古代霊は語る
シルバー・バーチ霊訓より
近藤千雄・訳編 潮文社 
第1章 シルバー・バーチの使命

 因果律の目的は霊性の進化

問 死後の世界でも罪を犯すことがありますか。
シルバー・バーチ
 ありますとも! 死後の世界でもとくに幽界というところは非常に地上と似ています。住民は地上の平凡人とほぼ同じ発達程度の人たちで、決して天使でもなければ 悪魔でもありません。高級すぎもせず、かといって低級すぎもせず、まあ、普通の人間と思えばいいでしょう。判断の誤りや知恵不足で失敗もすれば、拭い切れない恨みや憎しみ、欲望等にとらわれて罪悪を重ねることもあります。要するに未熟であることから過ちを犯すのです。

 人間一人ひとりに守護霊がついているそうですが…。
シルバー・バーチ
 母体における受胎の瞬間から、あるいはそれ以前から、その人間の守護の任に当る霊がつきます。そしてその人間の死の瞬間まで、与えられた責任と義務の遂行に最善をつくします。守護霊の存在を人間が自覚すると否とでは大いに違ってきます。自覚してくれれば守護霊の方も仕事がやりやすくなります。守護霊はきまって一人ですが、その援助に当る霊は何人かおります。守護霊にはその人間の辿るべき道があらかじめわかっております。が、その道に関して好き嫌いの選択は許されません。つまり自分はこの男性にしようとか、あの女性の方がよさそうだ、といった勝手な注文は許されないのです。こちらの世界は実にうまく組織された機構の中で運営されているのです。
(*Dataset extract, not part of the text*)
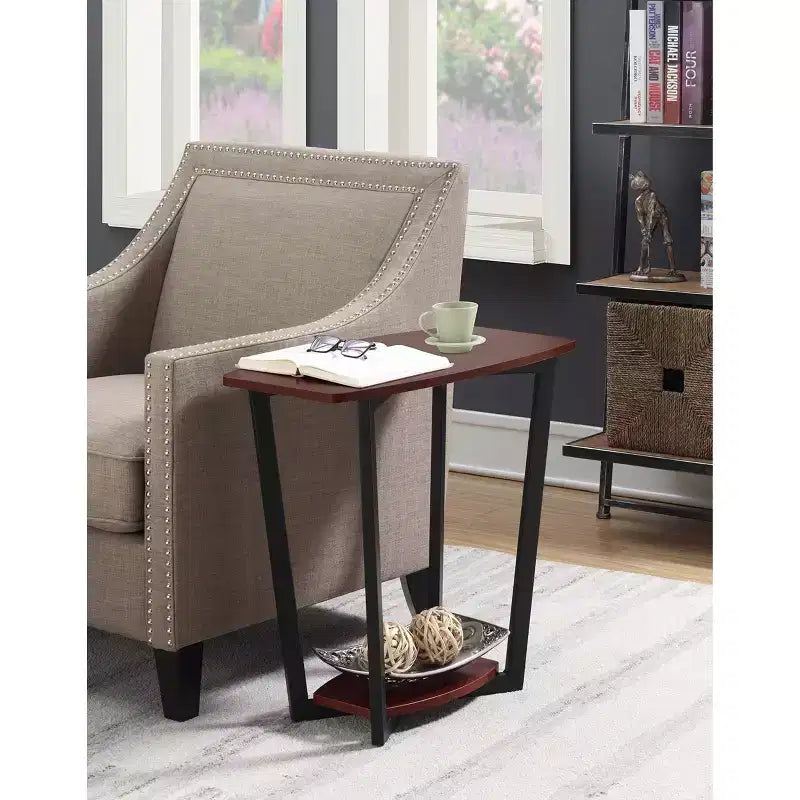 Rectangle Metal Table Top End Table 1 -piece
 日本語流に言えば「産土神の許可を得て…」ということになるのでしょうが、この問題は次の質問にある因果律、日本流に言えば因縁の問題もからみ、さらには再生問題にも係わる重大な問題を含んでおります。最後の「こちらの世界は実にうまく組織された機構の中で運営されております」というのはその辺も含めた言葉として解釈すべきです。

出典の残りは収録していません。